Su significado es claro: nuestro país ha decidido establecer los parámetros normativos para el libre desarrollo de los pueblos indígenas en el marco de la diversidad de alternativas y soluciones.

El libre desarrollo de los pueblos indios debe ser entendido como la capacidad de los pueblos y comunidades indígenas de ser sujetos de las decisiones que les son propias en los ámbitos económico y sociocultural, pero primordialmente en el político. Este último elemento es una condición fundamental para su desarrollo libre y autónomo. No existe mayor discriminación, desigualdad y pobreza que aquella que deriva de la marginación en las decisiones de carácter político.

La relación del Estado mexicano con los pueblos indios en este fin de siglo implica construir nuevos equilibrios políticos que involucren a todos los actores nacionales. Configurar un nuevo pacto social exige incorporar a los indígenas a las dinámicas del desarrollo nacional, pero desde sus propias demandas y necesidades.
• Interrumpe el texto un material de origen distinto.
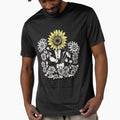 flowers yellow Oversized by Paizjamyiah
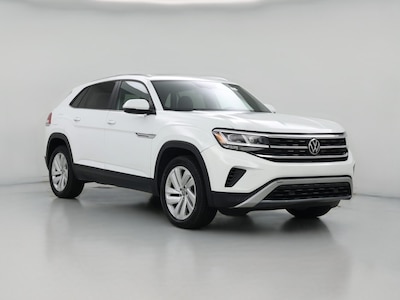 2023 Volkswagen Atlas Cross Sport SE w/Tech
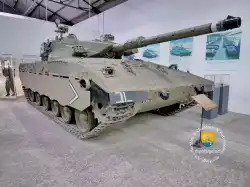 Merkava MK1 Musee Des Blindes Saumur 85  Merkava MK1 Musee Des Blindes Saumur 85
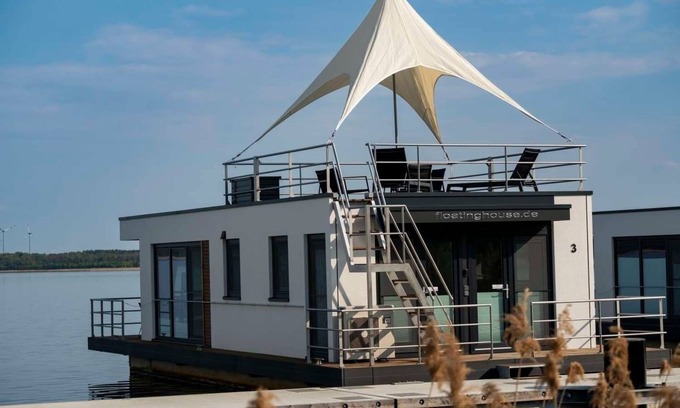 Vetschau/Spreewald Apartment | Hausboot für 4 Gäste mit 45m² in Vetschau/spreewald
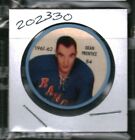 1961-62 Shirriff Hockey Coins - #84 Dean Prentice (202330)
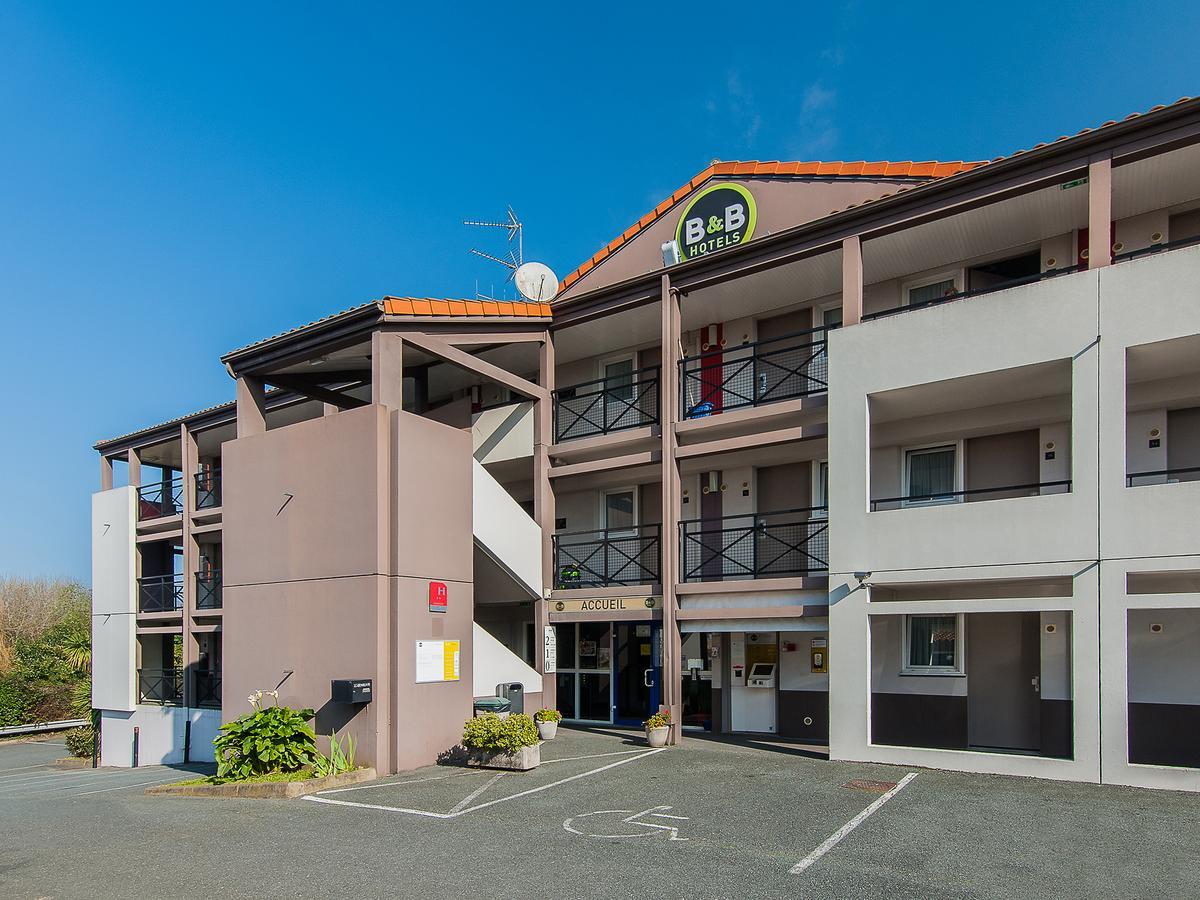 B&B Hôtel Bayonne Exterior foto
De cara a la nación, la actual generación de mexicanos por voluntad y circunstancia está enfrentada al reto de terminar con el concepto de rezago histórico. Una gran movilización de la sociedad mexicana, de sus instituciones estatales, agrupaciones políticas y organizaciones sociales, deberá acometer la tarea de la misma manera como ha asumido el compromiso de forjar una cultura de los derechos humanos y una de la democracia. La gran tarea hoy es crear y afianzar en nuestro país una cultura profunda de la pluralidad y del respeto a la diversidad, una cultura del reconocimiento pleno de nosotros mismos. Ello nos dará la fortaleza y unión necesarias para hacer frente como nación a los años por venir.